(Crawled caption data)
Content starts

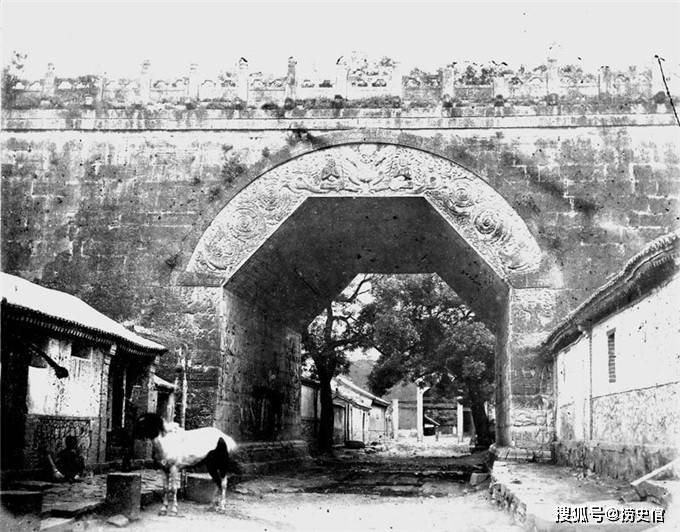 清咸丰年到光绪年的京城老照片,德胜门那幅有动感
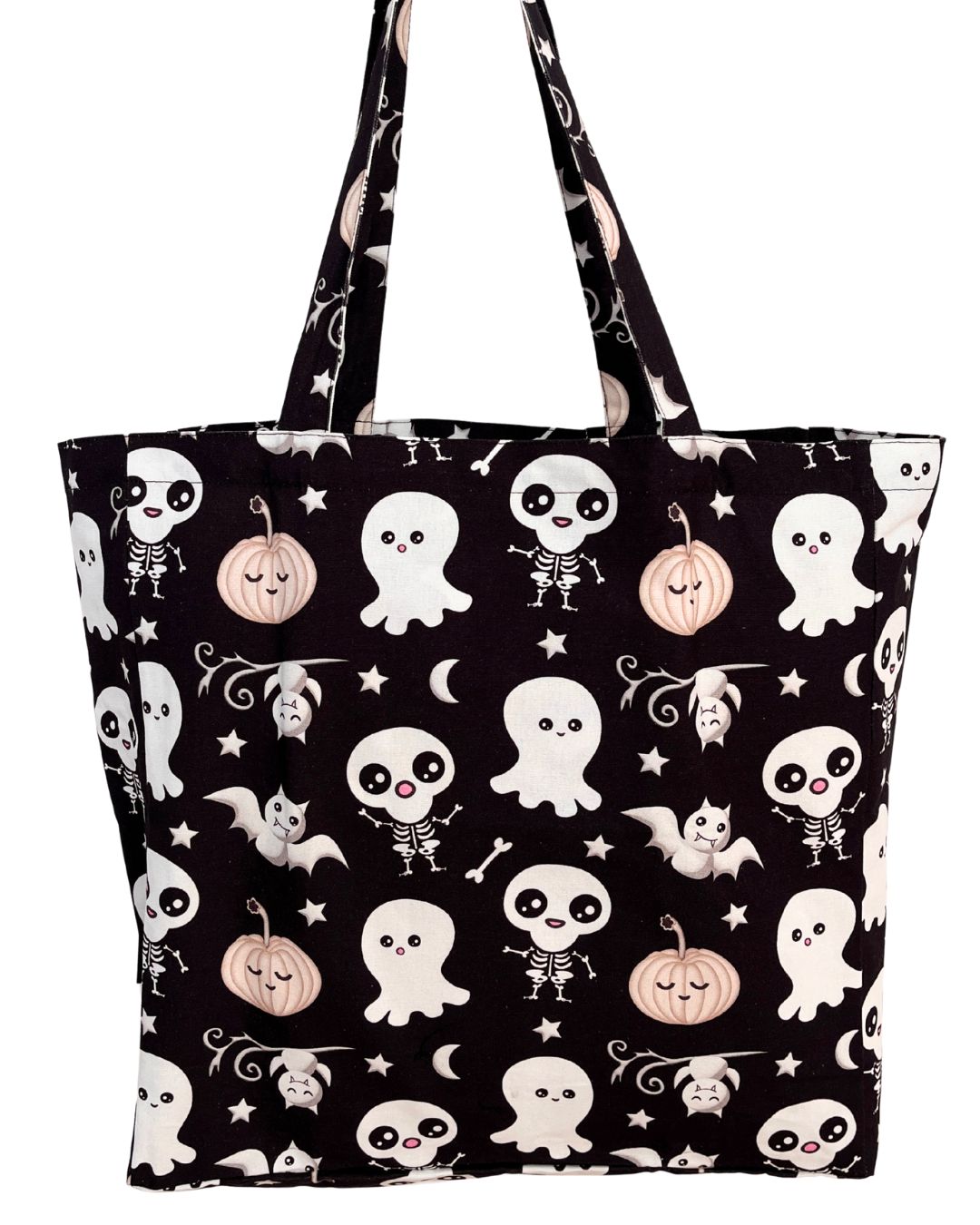 Sac réutilisable illustré : Squelettes drôles, fantômes mignons, chauves-souris coquettes et citrouilles endormies (fond noir)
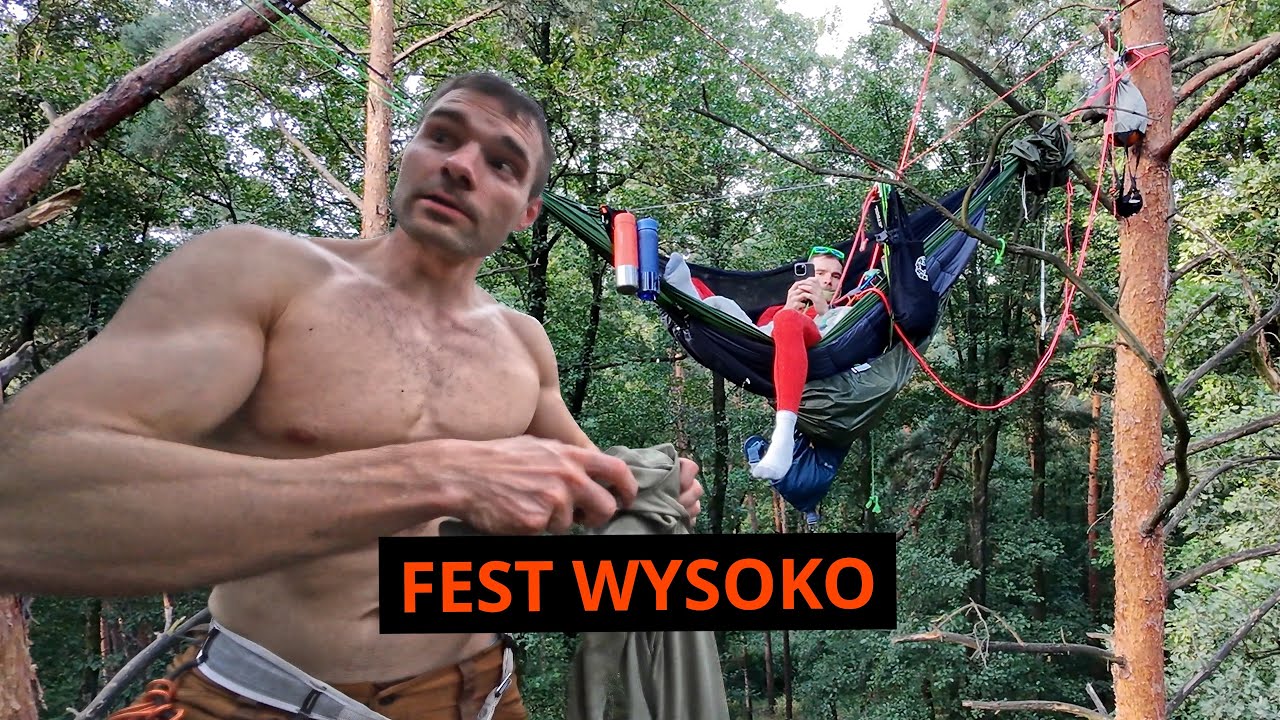 Ekstremalny biwak wysoko na drzewie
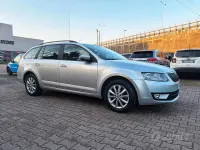 Usata Skoda Octavia Executive 110 CV (80 kW) 2016 Grigio Station wagon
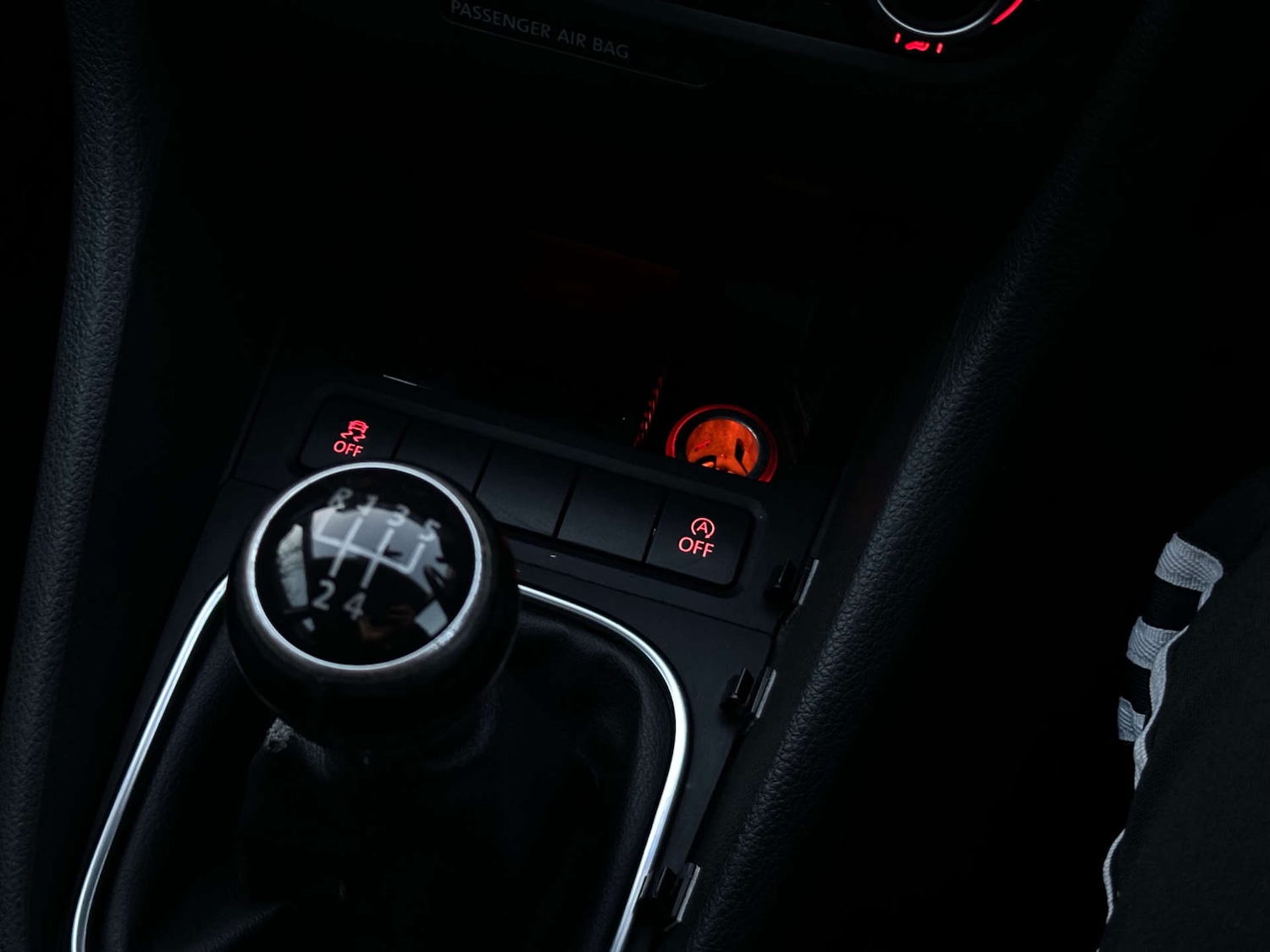 Used Volkswagen Golf 2010 for sale - 76518059: Photo 22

Content ends

Activity: Set down exactly, with no additions, each line from the line that includes "Ekstremalny biwak wysoko na drzewie" to the final line of the entries above; leave pictures out.

Your response:
 Ekstremalny biwak wysoko na drzewie
 Usata Skoda Octavia Executive 110 CV (80 kW) 2016 Grigio Station wagon
 Used Volkswagen Golf 2010 for sale - 76518059: Photo 22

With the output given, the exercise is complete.